Cuomo served as a political leader for several years in New York State and after his defeat, he decided to return to law and work for a private law firm. At the same time, many were unaware that he also decided to teach for a few semesters at Baruch College’s School of Public Affairs.
During one semester at Baruch College, faculty members as well as students were invited to listen to one of his lectures about American government.
After his lecture, I approached him and introduced myself. We continued to talk about current issues. In the midst of our brief conversation and seeing how affable he was, I asked the former Governor if he would be interested in being interviewed for L’Italo-Americano newspaper.
He pondered my request for a second and then gave me an email address. I walked away with the impression that he did not want to commit to an interview until he was more aware of his schedule and perhaps more comfortable with knowing who I was.
For the next few months, I communicated via email with Mario Cuomo’s secretary and she proposed conducting the interview by phone. I was reluctant to agree to a phone interview because a great deal is lost when a writer is unable to observe the interviewee’s body language and overall presence. Responding to questions is only part of the process when conducting an interview for a story.
In my opinion, what is equally important to writers when interviewing someone is being able to view the respondent’s behavior and demeanor to questions, sometimes these are the intangibles that become part of the story too.
Face-to-face interviews are what make the moment more organic and real than over the phone conversations but I also realized that he was probably trying to accommodate me as well as fit the interview within his busy schedule.
To prepare for my interview, I decided to read Mario Cuomo’s book, Why Lincoln Matters: Today More Than Ever. In his political treatise, he applies many of Lincoln’s moral principles and thinking to the battle with terrorism, race and the role of government. The book was published in 2004, and still remains relevant today.
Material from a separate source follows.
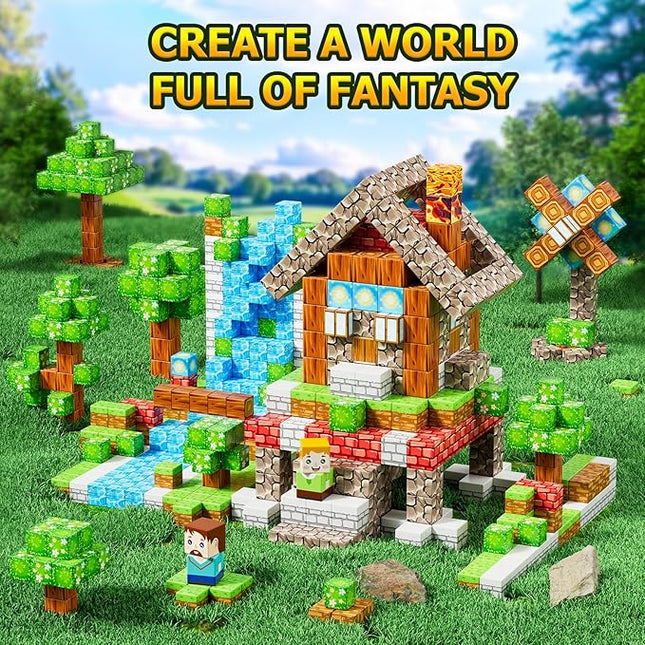 Magnetic Blocks, Magnetic Building Blocks,STEM Constructions Magnet Blocks for Kids, Boys and Girls Age 3+ Years Old, Building Toys Gifts for Kids 84PCS 1" Large Size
From Cuomo’s perspective, President Lincoln was someone that we can still learn from, even though conservative critics were convinced that he wrote the book as a platform to bash the leaders of the Republican Party, especially at the time, to take a jab at President George W. Bush.
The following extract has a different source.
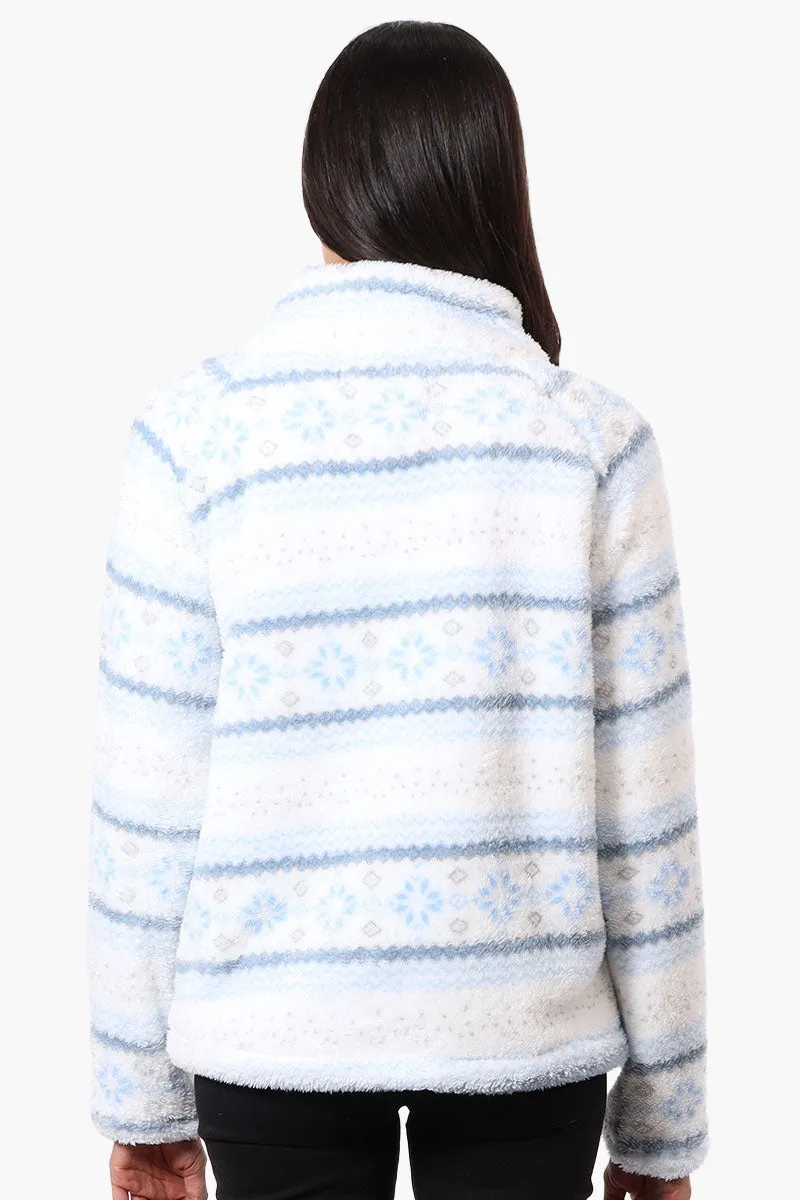 Canada Weather Gear Fair Isle Pattern 1/4 Zip Pullover Sweater - Blue sold by Fairweather product image thumbnail 3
Another part of my research in preparation to my interview with Mario Cuomo was to listen to his keynote address at the Democratic Convention at San Francisco in 1984 on YouTube. Many political scientists and journalists are convinced that this is what put the Italian American Governor on the national map. Prior to his keynote speech, his popularity remained, at best, within the Northeastern part of the country. In his speech, he challenged President Ronald Reagan’s domestic policies and gained more support from liberals who resided throughout the United States.
His performance at the convention was highlighted by his oratory skills and created a path for him to be on his way to the national spotlight. Subsequently, his name was floating around as the next Democratic Presidential Nominee; there was a buzz around Washington DC, that the man born in Queens, NY to Italian immigrants was a future force in American politics. The high expectations that many had for the NYS Governor however, never reached the level that many had predicted.
Perhaps Mario Cuomo could have been the first Italian American elected to the Executive Office but the NYS Governor was not interested in running for President. In 1992 President Clinton was considering him as a possible running mate for Vice-President but he was not interested and a few years later Clinton considered Cuomo for a Supreme Court position- once again he declined the offer. I have read unsubstantiated reports from aides and from others as to why he was not interested in becoming a national political figure and there is little information given by Mario himself about this subject.
From my research, I had concluded that I was going to be direct and ask a question for clarification as to why would someone who appeared to have so much support from his own political party nationwide, not be interested or at least have voters decide if they wanted him in the White House.
I thought as a way to make both of us feel comfortable, I would begin the interview by talking baseball. I knew Mario Cuomo, before interested in law and politics, was signed as an outfielder by the Pittsburg Pirates’ minor league farm team in 1952. He never reached the Major Leagues but always remained interested in the sport.
He was still known to talk about baseball and in recent years was involved in fantasy baseball. As I was waiting for a concrete date to my interview with Cuomo, his secretary contacted me and she explained that due to scheduling conflicts, the former Governor would be unavailable for some time. According to his secretary, Mario suggested as an alternative perhaps I would be interested in interviewing his wife Matilda Cuomo.
I thought about the famous saying, “Behind every great man, there’s a great woman,” so I agreed the story would be an interesting twist to my original idea. Once again his secretary communicated for several months until we were both unable to commit to a date. In short, my interview with the former NY leader and later his wife never materialized.
In retrospect, I was looking forward to having the opportunity to sit down with Mario Cuomo not just because of his Italian American background and his impact on New York State but his wide range of interests and political views. Mario Cuomo will be missed especially because of the interview that almost happened.